US surgeons say they have successfully given a pig’s kidney to a human in a transplant breakthrough they hope could ultimately solve donor organ shortages.
The procedure was done at NYU Langone Health in New York City using a kidney that came from a pig that had been genetically modified to stop the organ from being recognised by the body as “foreign” and being rejected.
The recipient was brain-dead, meaning they were already on artificial life support with no prospect of recovering.
The family of the recipient consented to the experiment before she was due to be taken off of life support.
US regulator the FDA has approved the use of genetically modified pig organs for this type of research use.
For three days, the new kidney was attached to her blood vessels and maintained outside her body, giving researchers access to it.
Test results of the transplanted kidney’s function “looked pretty normal,” said transplant surgeon Dr Robert Montgomery, who led the study.
He said the kidney made “the amount of urine that you would expect” from a transplanted human kidney, and there was no evidence of the vigorous, early rejection seen when unmodified pig kidneys are transplanted into non-human primates.
The recipient’s abnormal creatinine level – an indicator of poor kidney function – returned to normal after the transplant, Montgomery said.
A heart transplant recipient himself, Dr Montgomery says there is an urgent need for finding more organs for people on waiting lists. He said:
The traditional paradigm that someone has to die for someone else to live is never going to keep up.

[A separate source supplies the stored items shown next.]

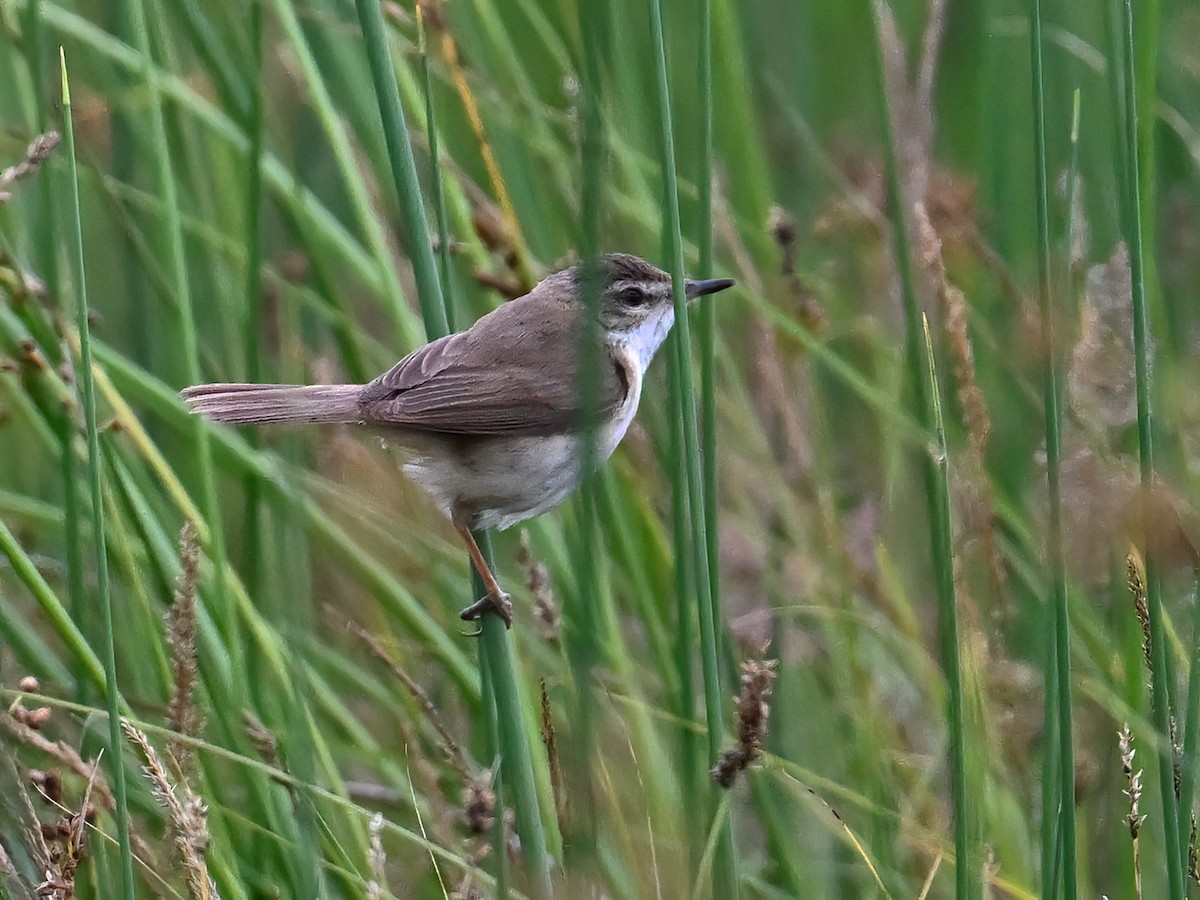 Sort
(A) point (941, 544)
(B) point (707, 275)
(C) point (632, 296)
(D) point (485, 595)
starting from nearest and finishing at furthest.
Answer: (A) point (941, 544) < (B) point (707, 275) < (D) point (485, 595) < (C) point (632, 296)

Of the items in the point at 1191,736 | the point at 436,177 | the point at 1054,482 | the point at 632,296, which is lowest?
the point at 1191,736

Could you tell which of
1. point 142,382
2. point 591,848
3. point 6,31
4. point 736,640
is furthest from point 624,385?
point 591,848

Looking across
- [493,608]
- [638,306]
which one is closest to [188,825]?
[493,608]

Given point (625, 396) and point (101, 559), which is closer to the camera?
point (101, 559)

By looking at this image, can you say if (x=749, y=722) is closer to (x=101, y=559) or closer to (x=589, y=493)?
(x=589, y=493)

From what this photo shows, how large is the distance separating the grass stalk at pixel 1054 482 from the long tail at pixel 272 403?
4.51ft

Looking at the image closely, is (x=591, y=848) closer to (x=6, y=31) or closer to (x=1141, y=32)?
(x=1141, y=32)

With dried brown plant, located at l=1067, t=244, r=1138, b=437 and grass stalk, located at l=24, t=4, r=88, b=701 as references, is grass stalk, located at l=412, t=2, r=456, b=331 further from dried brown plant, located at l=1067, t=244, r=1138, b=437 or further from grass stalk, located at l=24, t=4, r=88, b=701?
dried brown plant, located at l=1067, t=244, r=1138, b=437

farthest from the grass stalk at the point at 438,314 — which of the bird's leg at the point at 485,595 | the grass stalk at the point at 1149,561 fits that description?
the grass stalk at the point at 1149,561

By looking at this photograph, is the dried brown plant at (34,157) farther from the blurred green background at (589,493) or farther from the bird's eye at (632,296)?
the bird's eye at (632,296)

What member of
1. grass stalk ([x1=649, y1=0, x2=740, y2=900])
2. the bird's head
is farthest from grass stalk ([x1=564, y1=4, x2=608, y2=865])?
the bird's head

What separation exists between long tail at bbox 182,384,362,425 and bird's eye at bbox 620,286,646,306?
0.72 metres

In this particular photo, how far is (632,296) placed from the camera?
3119 mm

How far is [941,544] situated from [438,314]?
2.70ft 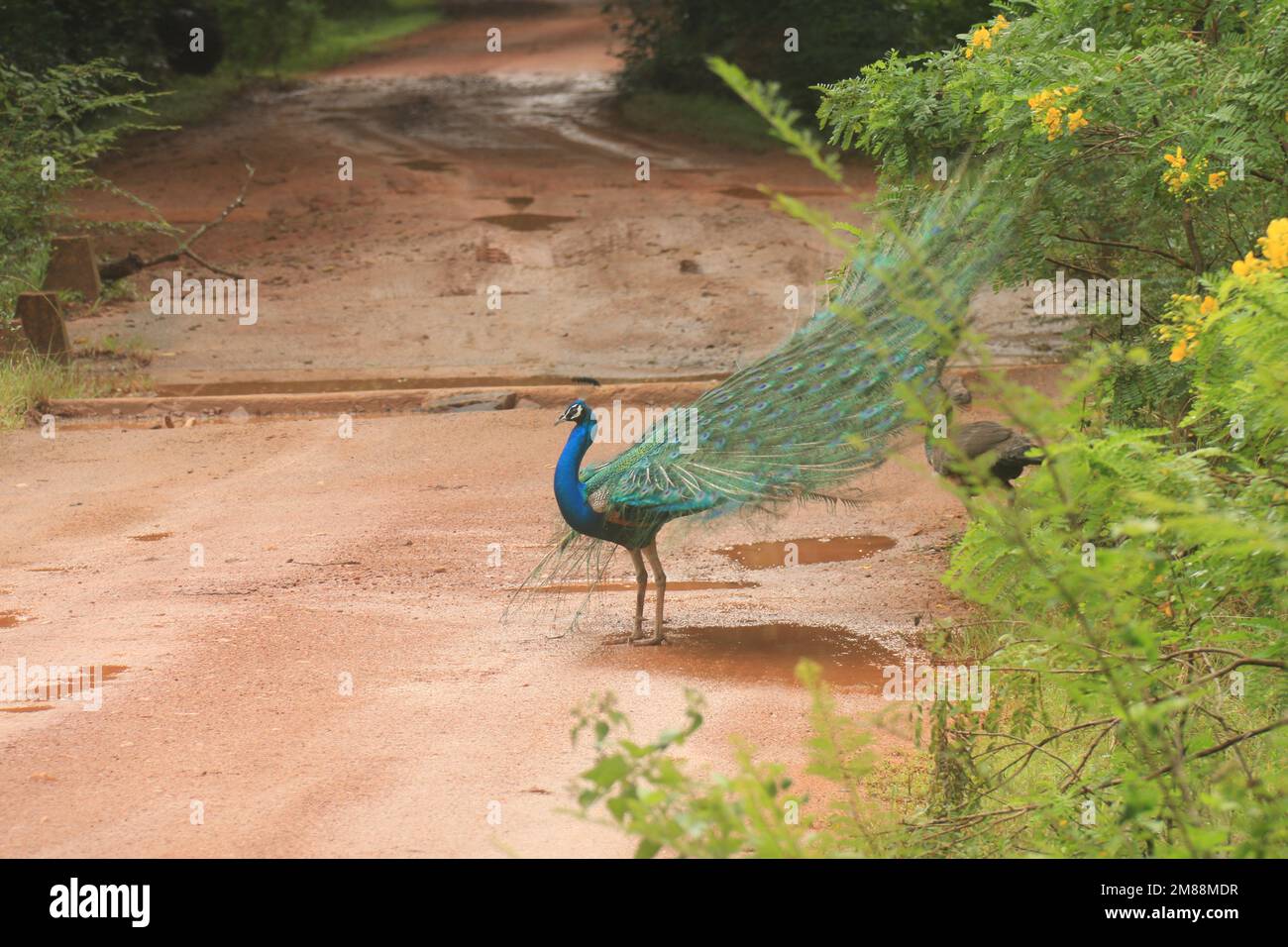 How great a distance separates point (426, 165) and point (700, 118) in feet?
16.7

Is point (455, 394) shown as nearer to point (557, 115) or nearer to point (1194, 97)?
point (1194, 97)

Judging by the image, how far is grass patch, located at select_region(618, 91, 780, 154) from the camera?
76.6 ft

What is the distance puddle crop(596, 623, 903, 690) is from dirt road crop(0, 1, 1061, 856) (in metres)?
0.02

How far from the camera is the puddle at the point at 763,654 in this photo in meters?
6.99

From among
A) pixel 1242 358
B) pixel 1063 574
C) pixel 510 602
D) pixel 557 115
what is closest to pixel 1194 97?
pixel 1242 358

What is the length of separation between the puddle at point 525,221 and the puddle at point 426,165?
270cm

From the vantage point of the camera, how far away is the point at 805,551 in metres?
9.22

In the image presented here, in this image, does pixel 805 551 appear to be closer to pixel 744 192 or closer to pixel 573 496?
pixel 573 496

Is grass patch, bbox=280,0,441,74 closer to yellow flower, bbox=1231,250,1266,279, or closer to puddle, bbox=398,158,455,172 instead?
puddle, bbox=398,158,455,172

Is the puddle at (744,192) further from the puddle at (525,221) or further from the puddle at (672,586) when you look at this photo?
the puddle at (672,586)

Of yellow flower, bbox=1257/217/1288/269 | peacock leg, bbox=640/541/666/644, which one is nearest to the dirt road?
peacock leg, bbox=640/541/666/644

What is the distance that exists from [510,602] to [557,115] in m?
18.2

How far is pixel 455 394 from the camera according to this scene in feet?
41.8

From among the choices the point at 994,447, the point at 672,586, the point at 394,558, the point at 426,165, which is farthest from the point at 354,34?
the point at 994,447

I certainly understand the concern and what I would say is that currently about 40% of patients who are waiting for a transplant die before they receive one.
We use pigs as a source of food, we use pigs for medicinal uses – for valves, for medication. I think it’s not that different.
The work is not yet peer-reviewed or published but there are plans for this.
Experts say it is the most advanced experiment in the field so far.
Similar tests have been done in non-human primates, but not people, until now.
Using pigs for transplants is not a new idea though. Pig heart valves are already widely used in humans.
And their organs are a good match for people when it comes to size.